Onions: the staple in every kitchen, everyone’s favourite alium and probably the most versatile vegetable in the kitchen. I think it was the great Escoffier (one of the fathers of modern french cooking and founding chef at the Ritz) who said, albeit in French, “If you want to cook food well, start with an onion and go from there.” And even if he didn’t say it, and the story is apocryphal, he should have said it. Due to its variable flavour profile, how easy it is to grow and consequently how cheap the onion is, it has become the backbone of cuisines spreading from Southern Asia through the Middle East, Eastern Europe to Italian, Spanish and French cooking. In fact, the only major world cuisine I can think of that doesn’t heavily rely on our favourite bulbous vegetable is Japanese.
In restaurants there was quite a trend a few years ago (and actually still going strong) for burnt onion ashes – a peculiar trend for me of which I’m yet to be convinced. I’ve always thought onions are at their best either fresh and crisp in a salad (preferably this persian one) or caramelised so the natural sweetness of the onion comes out. I think, for me, the first experience of caramelised onions that sticks in my memory is what in Australia we refer to as “A Sausage Sizzle”. Basically after footy (rugby union) matches the dads would be barbecuing sausages (always split down the middle), eggs (until you’ve had a runny egg on a sausage sandwich you haven’t truly lived) and of course onions. Then, the whole thing would be stuffed between two slices of wonderwhite bread and drowned in ketchup – absolute heaven. Especially as a reward for having played two or even three full rugby games that day. The onions stick in my mind though, they were sweet and jammy and if I’m honest often a little burnt. I’ve spent a long time working out the perfect way to get those onions just right (without the burnt flavour) and this way is nearly perfect in my opinion. The trick: slow-cooked onions.
Cooking these slow-cooked onions is remarkably easy and they keep for over a week. You only need a pan and some greaseproof paper, and you get to sound very knowledgeable when you tell people fancy things like “make a cartouche and they’ll cook better” (a cartouche is just another way of saying a circle of greaseproof paper). You can mix up the onions by crumbling in some chorizo to make amazing chorizo jam, or by adding some balsamic vinegar for the last 20 minutes of cooking to make balsamic onions. Once the onions are made, they are amazing either on their own or in a burger, as part of an onion gravy, mixed into mince for an amazing meatloaf or stuffing or, as I often do, as part of the filling for an amazing Quiche Lorraine. At Christmas, my family takes these onions and mixes them through mashed potatoes with frozen peas – it’s absolutely delicious – and the cooking is super easy!
Slow cooked onions
- 2 onions
- Splash of olive oil
- Greaseproof paper
- Slice the onions very finely and place in a large saucepan (ideally with a heavy bottom) with a fitting lid. Season with salt, pepper and a splash of olive oil.

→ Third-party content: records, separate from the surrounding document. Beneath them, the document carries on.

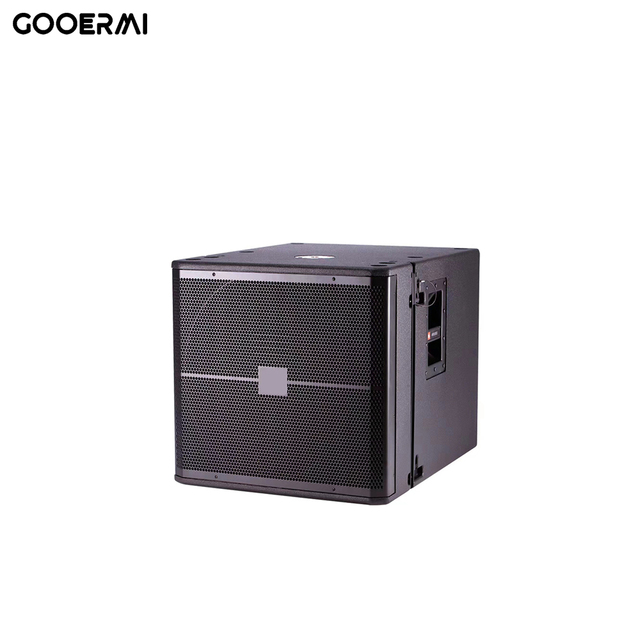 MIS-VRX918-2400W Good Price Professional Bass Sound System Single 18 Inch Line Array Subwoofer Speaker for Bar/Pub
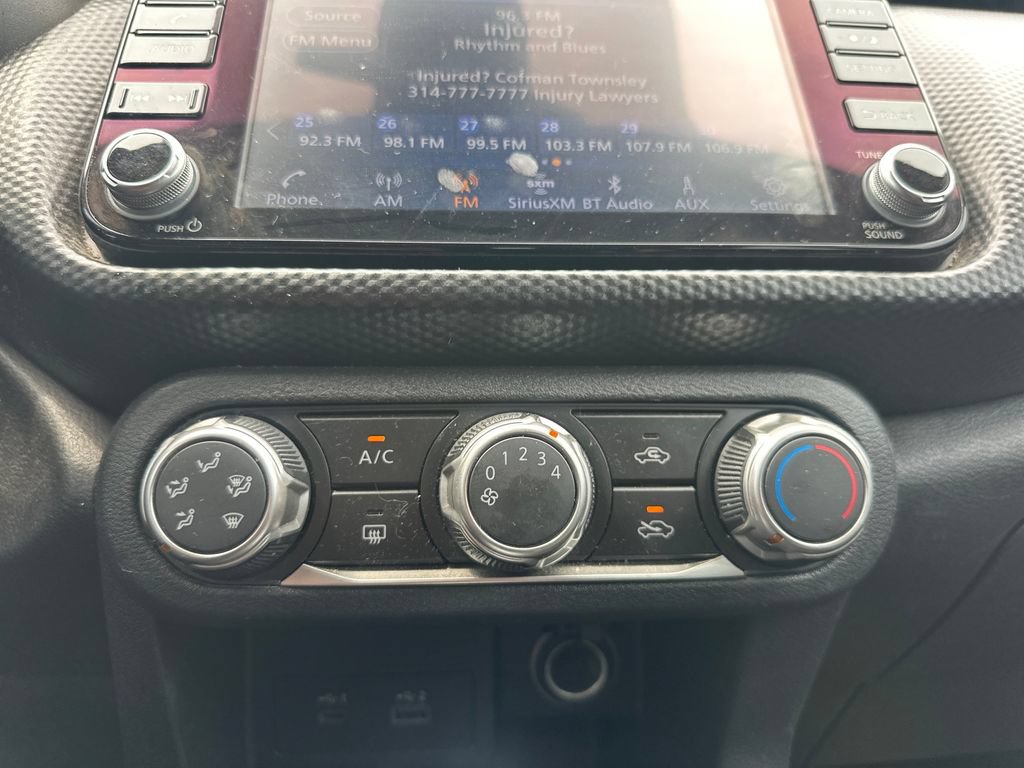 Used 2023 Nissan Kicks SV FWD image 44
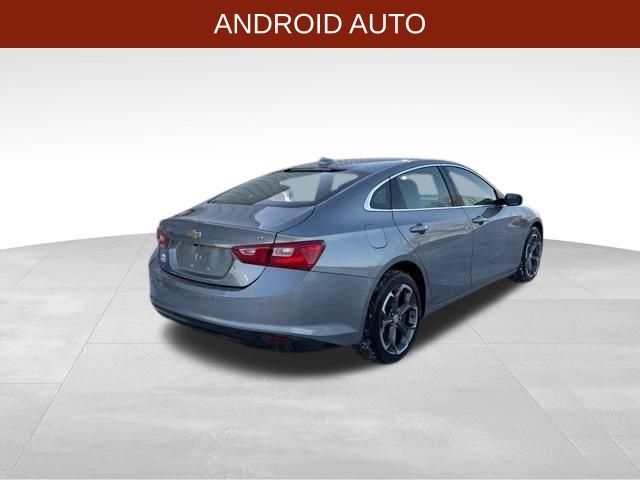 Chevrolet Malibu  2024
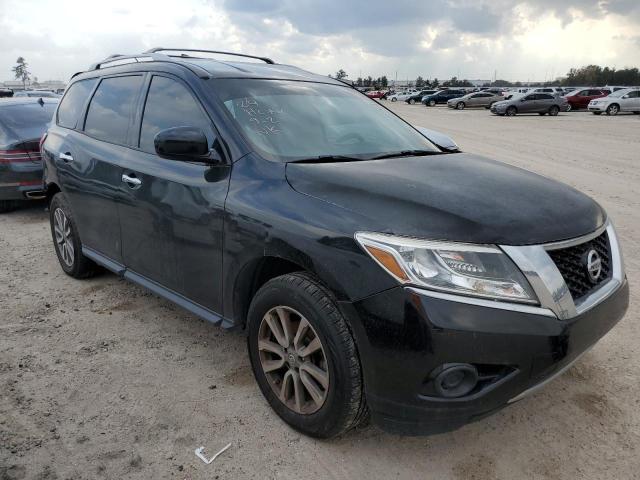 Photo 4 from auction – 2015 NISSAN PATHFINDER with VIN 5N1AR2MM3FC687366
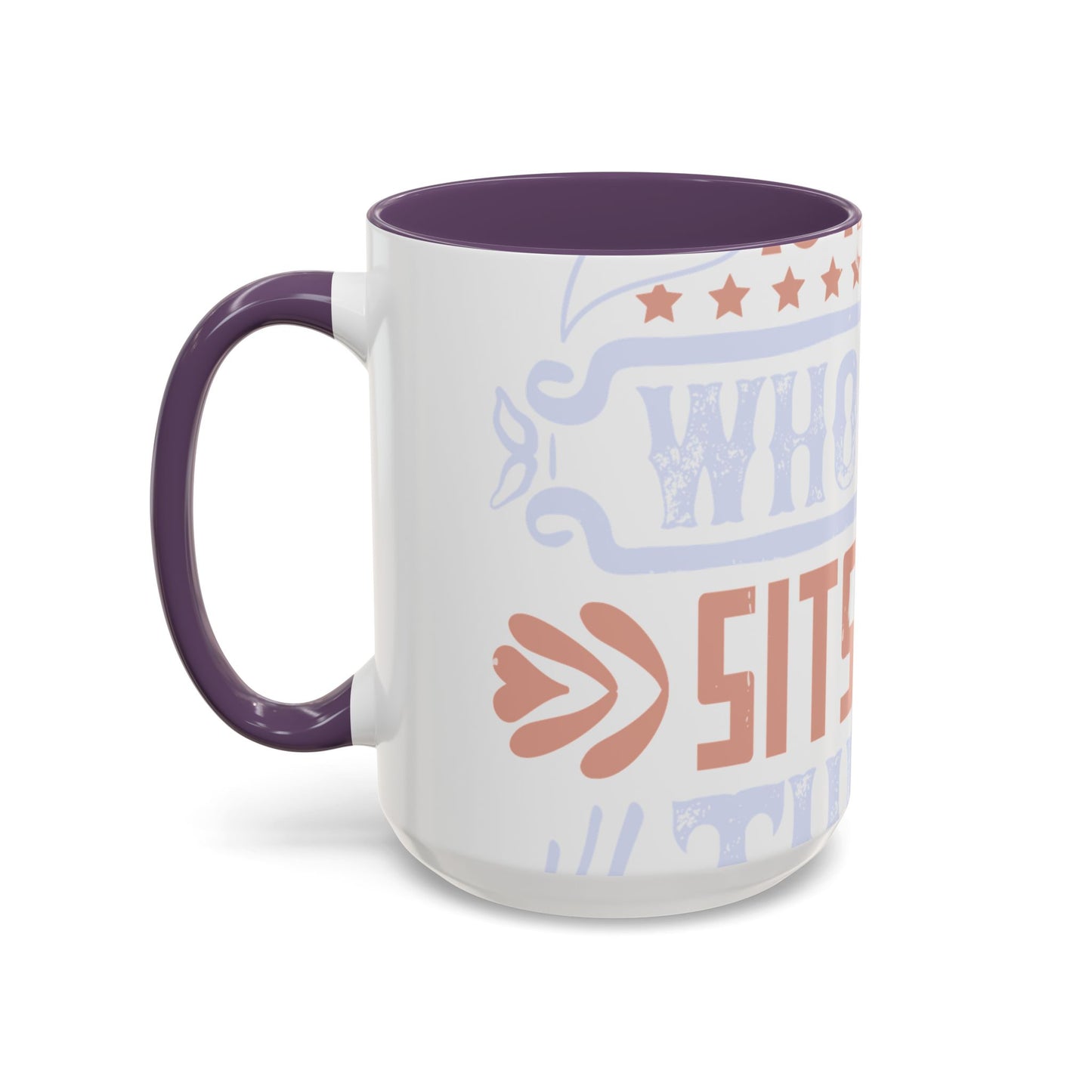 A conservative is a man who just sits and thinks, mostly sits-01 — Accent Mug 11/15oz
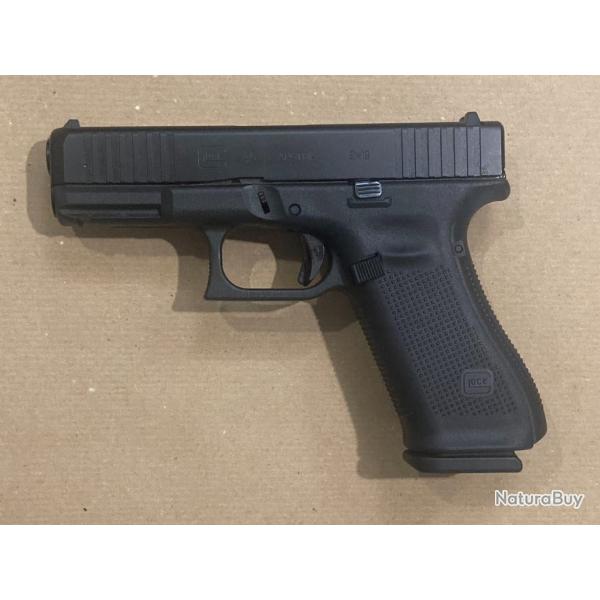 pistolet GLOCK mod. G45 FS calibre 9 para mod. de dmo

- Take a square of greaseproof paper about the size of your pan. Fold it in half lengthwise and then again so you have a smaller square. Fold the smaller square along the diagonal to form a triangle. Then keep folding the triangle in half a couple more times. At this point you should have a thin triangle. Slice the tip off the triangle and slice the other end off the triangle so that the length of the piece remaining stretches from the middle of the pan to the edge, then unfold the greaseproof paper and you’ll have a circle with a hole in the middle. (This is a cartouche). The aim here is to let as little moisture as possible escape from the onions, the moisture will stop the onions from burning or colouring too much and will allow the natural sugars to be drawn out.
- Place the cartouche on top of the onions (squidging them down) and place the pan on low heat, with the lid on, for around an hour or until soft, sweet and jammy. Make sure to stir the onions every 15 minutes or so to make sure they don’t catch. If you find too much liquid building up and you want a more browned intense flavour then for the last 15 minutes you can remove the cartouche and the lid and turn the heat up to drive off the excess moisture abd increase the browning.